Characterizing differentiation across individual genomes sampled from different populations can be very informative of the demographic processes that resulted in the differentiation in the first place. Manhattan plots have grown to be very popular representations of genome-wide differentiation statistics in recent literature. And what’s better?

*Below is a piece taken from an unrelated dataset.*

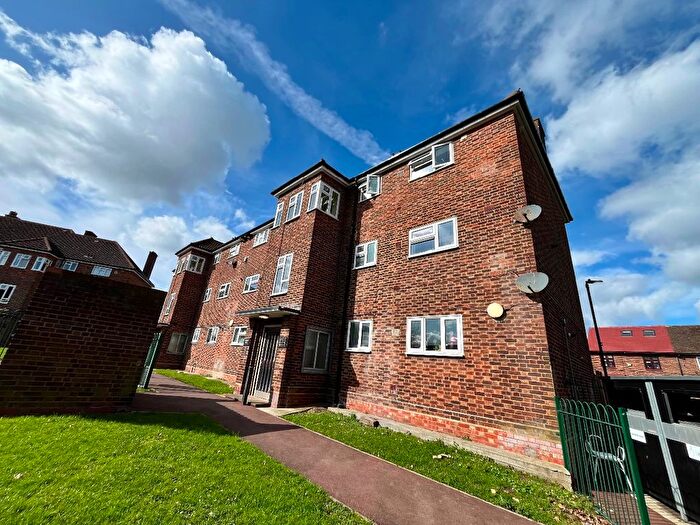 1 Bedroom Flat For Sale In Coleford House, Romford, RM3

They’re surprisingly easy to make in R! In this post, I describe making these plots from scratch – starting with a VCF (Variant Call Format) file, which contains genotype information (and other meta data) across genomic positions.
As an example, I downloaded the variant calls for Chromosome 22 from the Phase 3 of the 1000 genome project (see link), and estimated Weir and Cockerham estimates of Fst for two populations (GBR – Great Britain, and YRI – Yoruba, a total of 199 individuals out of 2504) using VCFTools. The .weir.fst file produced by VCFTools contains pairwise Fst values for your specified window size. To do this, I used the command:
vcftools –vcf chr22.vcf –keep allindivs –out gbryri –weir-fst-pop gbrindivs –weir-fst-pop yriindivs
where allindivs is a file with individual ID’s of all individuals from the GBR, and YRI populations, and gbrindivs, and yriindivs are files with individual labels from GBR, and YRI respectively. I pulled out unique ID’s for all these individuals from the meta information made available on the same FTP site. Now onto plotting!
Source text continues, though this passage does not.